国内最大級の自動車技術展示会「人とくるまのテクノロジー展2023」(自動車技術会主催)が5月24日から3日間、パシフィコ横浜(横浜市西区)で、オンラインでは5月17日~6月7日開催された。自動運転や脱炭素、資源循環などに関わる最先端の技術や製品が集う中、県内で車体や部品を手掛ける各メーカーもブースを連ねた。【2023年6月1日号掲載】
自動車技術会の発表によると展示会は、国内の車体メーカー8社のほか、部品や制御システムなどを扱う国内外の企業が過去最多の約499社出展した。13件の世界初公開、21件の国内初公開の展示があった。欧米やアジアからも業界や報道機関の関係者が訪れ、来場者数も3日間合計で6万3810人が来場した(主催者発表)。

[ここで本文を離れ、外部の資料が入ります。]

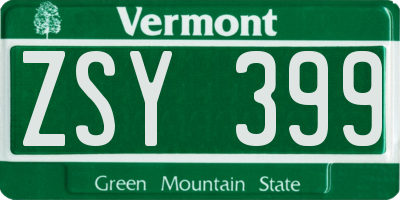 VT license plate ZSY399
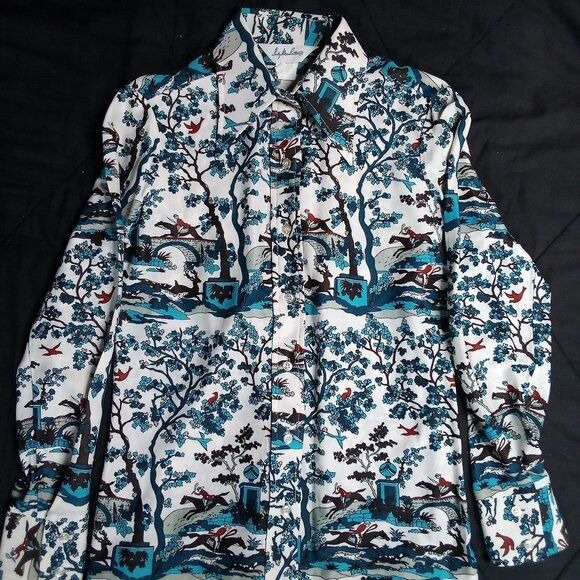 Other Vintage MCM Lady Manhattan Hunting Polyester Disco Shirt Size L / US 10 / IT 46 - 2 Thumbnail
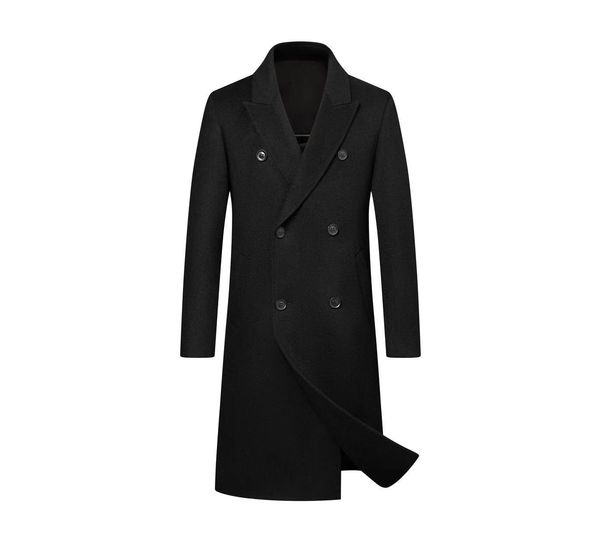 Premium Wollmantel für Herren – Knielanger zweireihiger Wintermantel mit Steppfutter (M-XXXL, Schwarz/Grau/Camel)_voghion.com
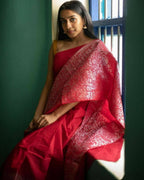 DEIANA'S Beautiful Designer Golden zari Soft Lichi Silk Saree - Red | Grocsy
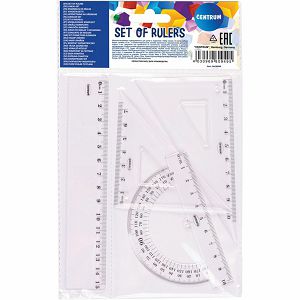 Set za geometriju (ravnalo 15cm, 2 kom trokuta, kutomjer) blister 4/1 80949
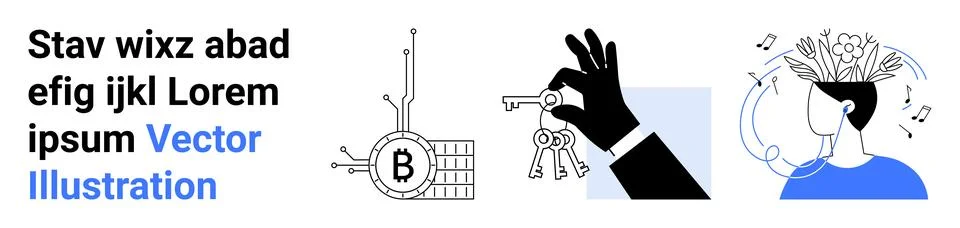 Abstract Composition Featuring Bitcoin, Hand Holding Keys, and Woman Listen.. Illustrazione stock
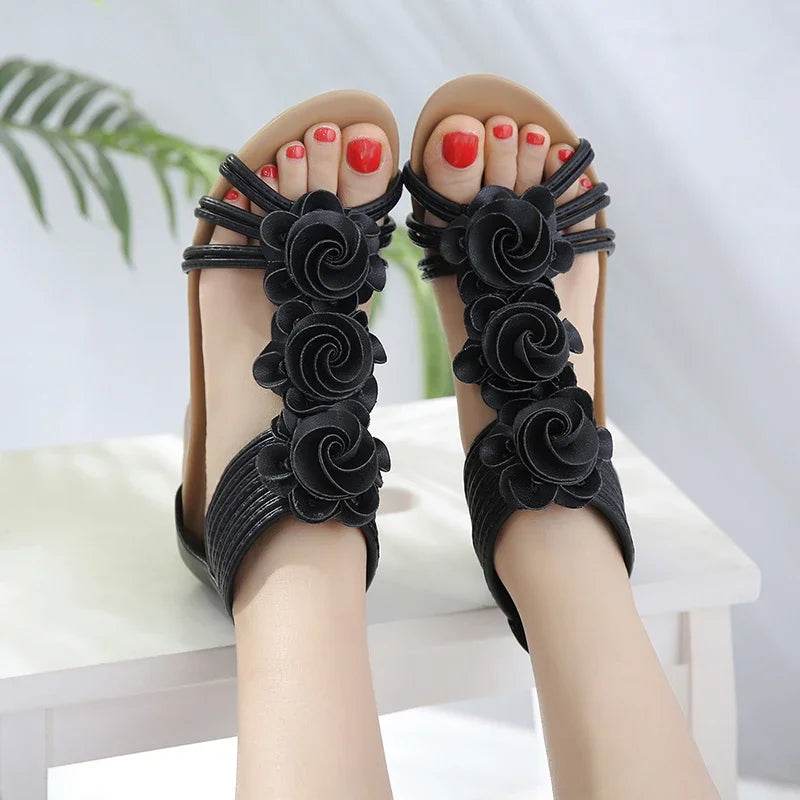 TIMETANG Gladiator Sandals Summer New Woman Fashion Platform Mid Heels Open Toe Wedge Sandals Soft Leather Sexy Casual Shoes - FLORANZANI- Beauté & Santé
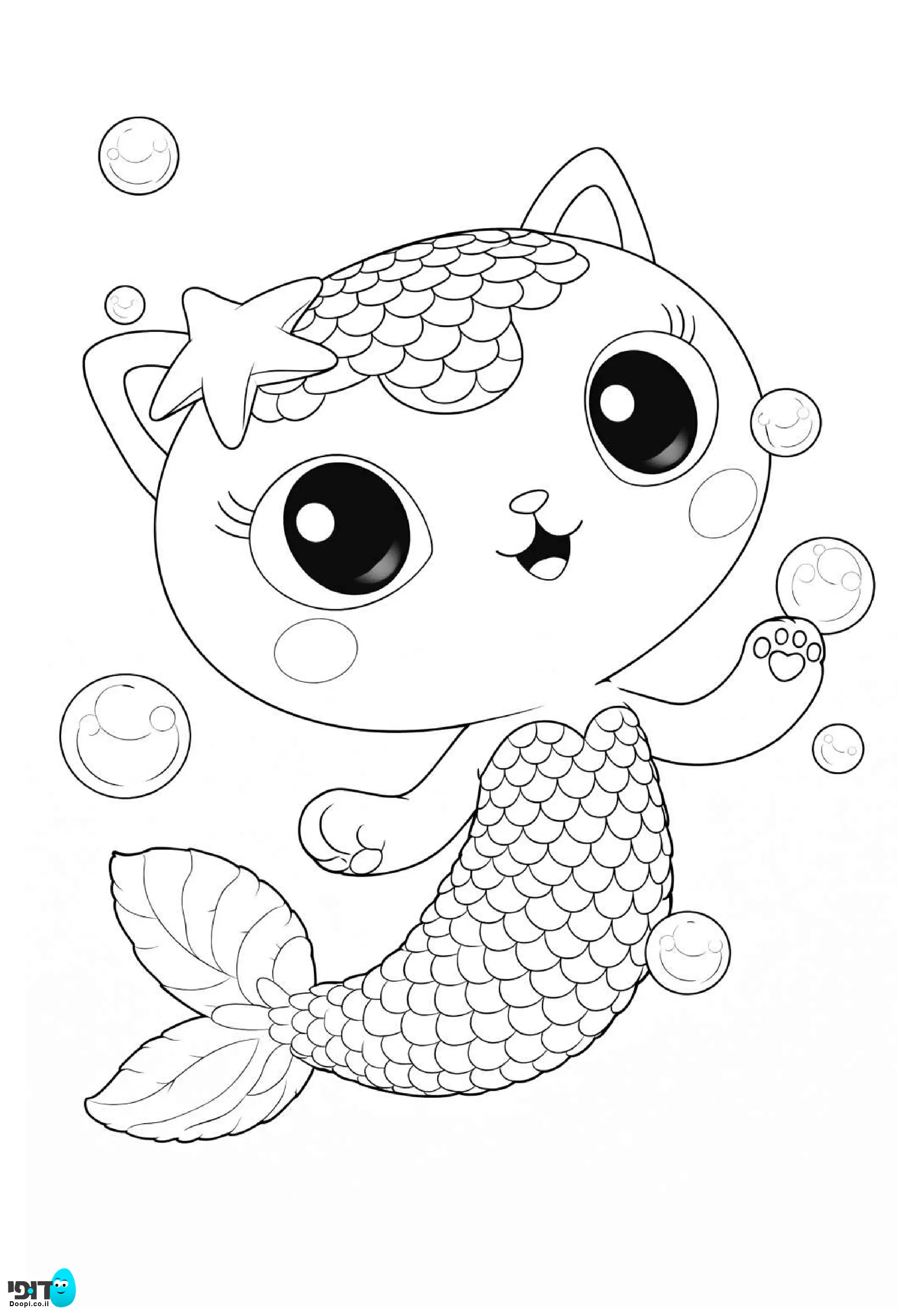 דף צביעה בית הבובות של גבי קט-ים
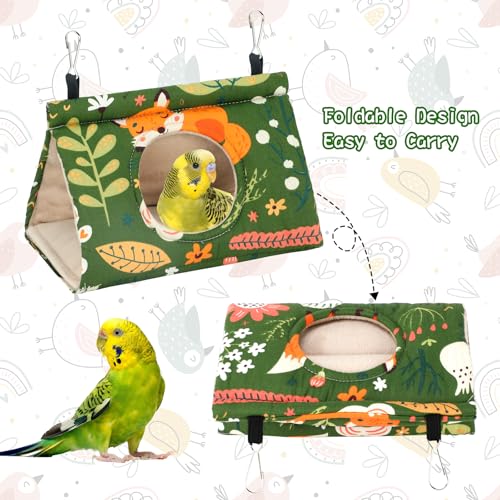 Rypet Bird Nest House, Bird Bed for Cage, Hanging Hammock Bird Hut, Green S | Warm Plush Cotton Comfort, Side Hole Entry, Dual Hanging Straps for Cage, Machine Washable, Green Bird Tent for Small Birds - color: Green, size: Small (Pack of 1)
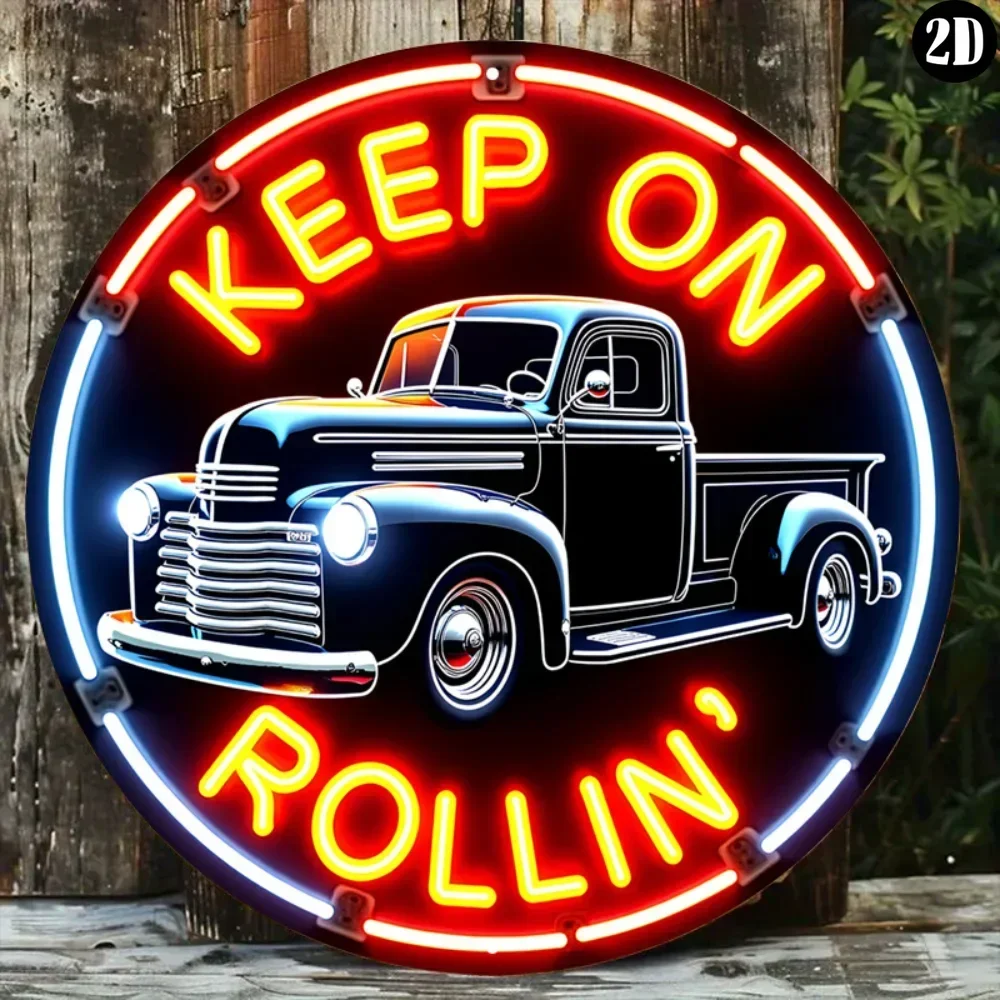 限定鉄板装飾画：ヴィンテージネオン風「Keep On Rollin」メタルサイン |   バーやスタジオ向けのレトロなウォールアート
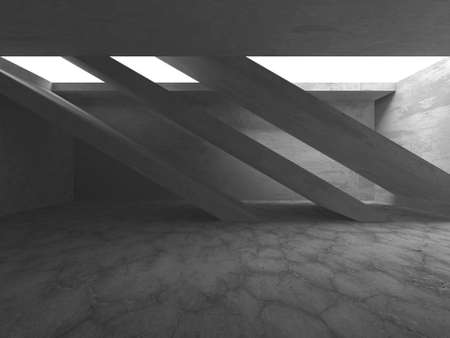 Abstract architecture background. Empty rough concrete interior. 3d renderの写真素材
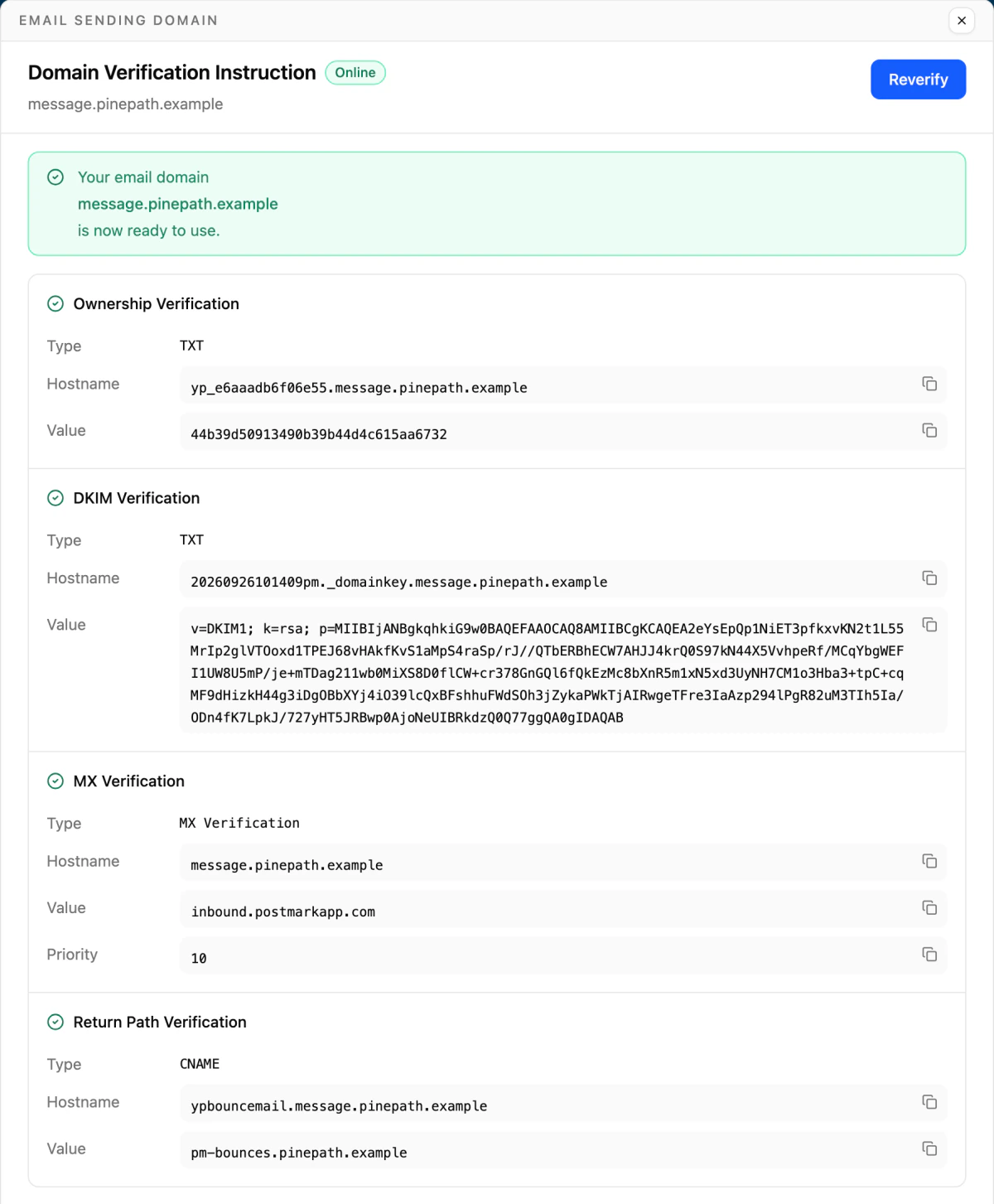 YoPrint Domain Verification Instruction for message.pinepath.example, marked Online: ownership, DKIM, MX and return-path records, each verified.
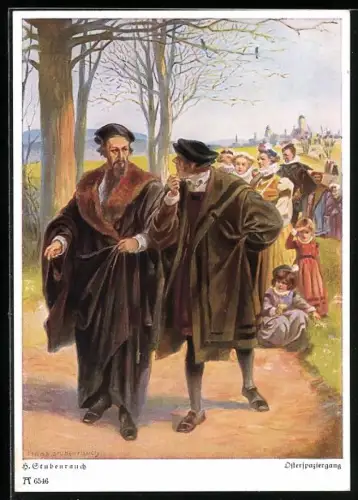 Künstler-AK sign. H. Stubenrauch: Faust, Osterspaziergang, zwei Herren im Gespräch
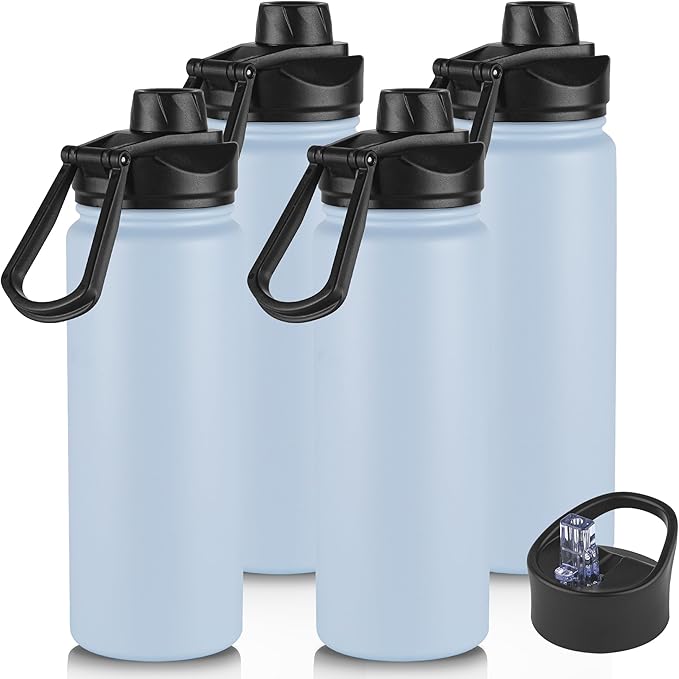 16 oz Insulated Water Bottle with Straw Lids, Stainless Steel Kids Water Bottles for School, Double Wall Vacuum Metal Water Bottle with Straw & Wide Mouth Lid, Light Blue 4 Pack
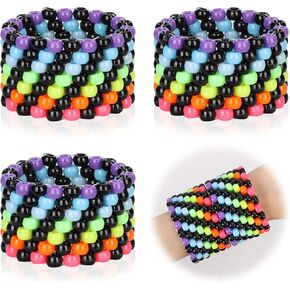 3/6 Pcs Rave Multi-layer Bracelets Stretch Rainbow Bracelets Multi Color Beaded Wrap Kandi Cuff Rave Accessories Jewelry Music Party Favor for Women Friends EDM Party Music Festival in Kuwait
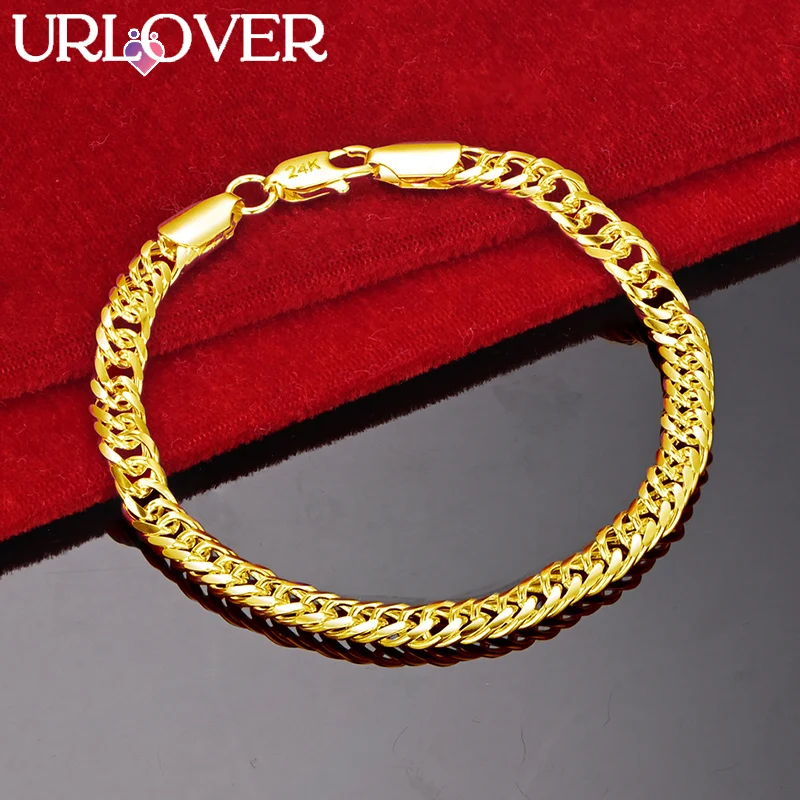 URLOVER 24K Gold Bracelet For Woman Men Cuba Chain Bracelets Fashion Party Engagement Wedding Jewelry Birthday Christmas Gifts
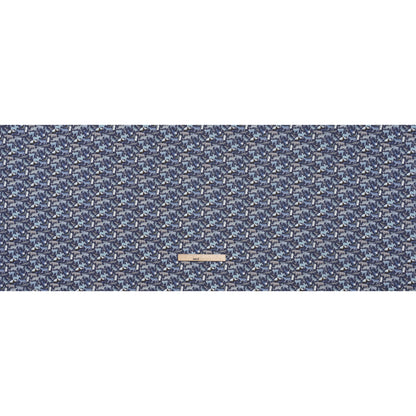 Liberty Fabrics Tana Lawn® - Quey 2 Dark Blue - Blue, Gray and White Animals with Clothes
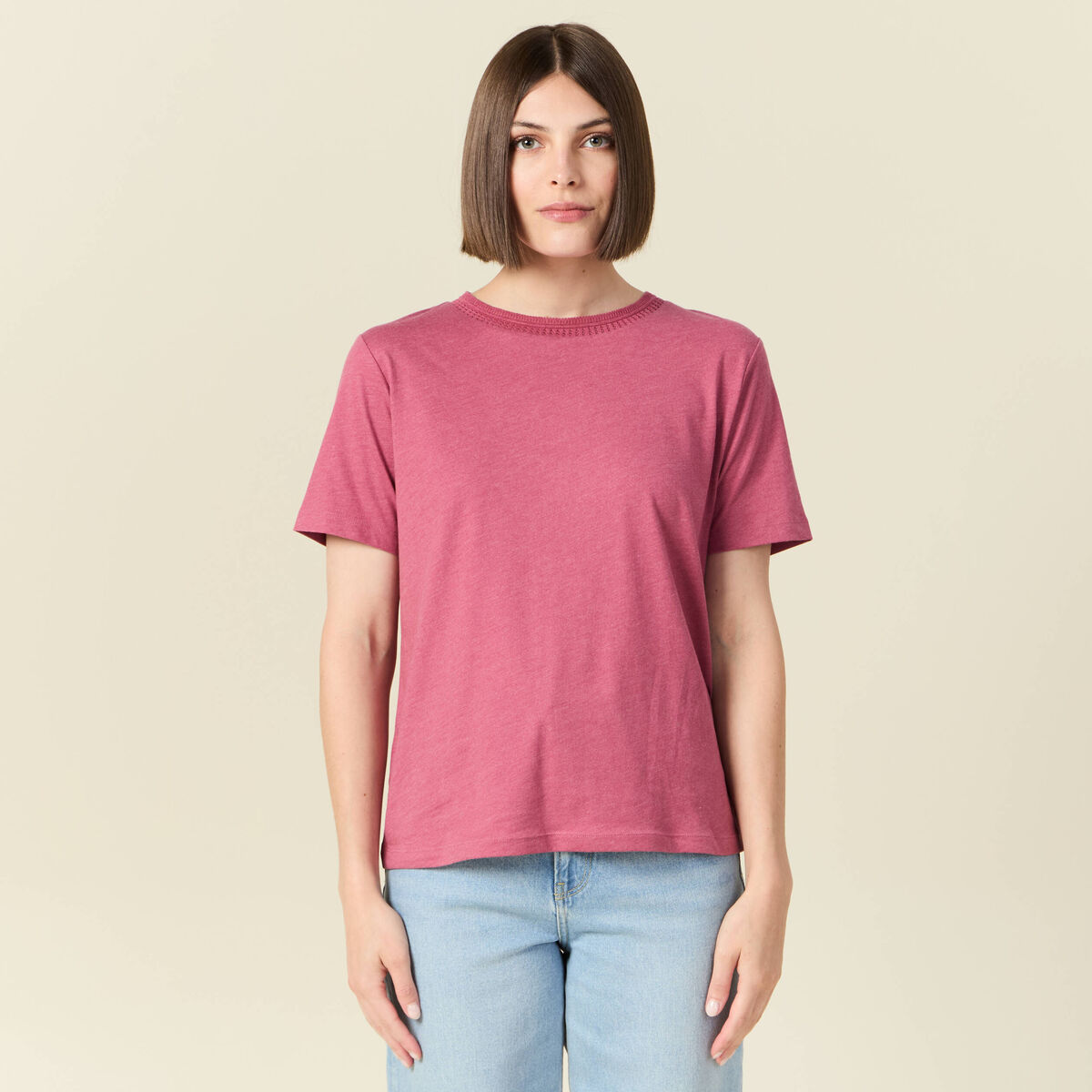T-shirt manches courtes vieux rose femme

新型感染症の影響などで、22年からリアル展示会とオンライン展示会のハイブリッドで開いている同展示会だが、ITやAIという新しい分野の技術者、研究者のつながりの場となり、自動車業界の枠組みを広げることが狙い。
県内に本社や生産拠点を置く日産自動車(同)は、3月に発表した新開発電動パワートレーン「X―in―1」の試作ユニットを展示。20年度には全体で電動パワートレーン4機種と内燃機関45機種が存在したが、26年度には45%削減して計27機種まで、30年度はさらに電動パワートレーン3機種、内燃機関16機種まで絞り込む計画を進めている。
新ユニットにはBEV(バッテリー電気自動車)用としてインバーター、モーター、ギヤ(減速機)で構成する「3in1」、e―POWER用として3点に加えて発電機とギヤ(増幅機)からなる「5in1」の2種類を設定。パワートレーンコストを19年比で約3割削減し、e―POWER用では26年までにエンジン車と同等の車両コストを目指す。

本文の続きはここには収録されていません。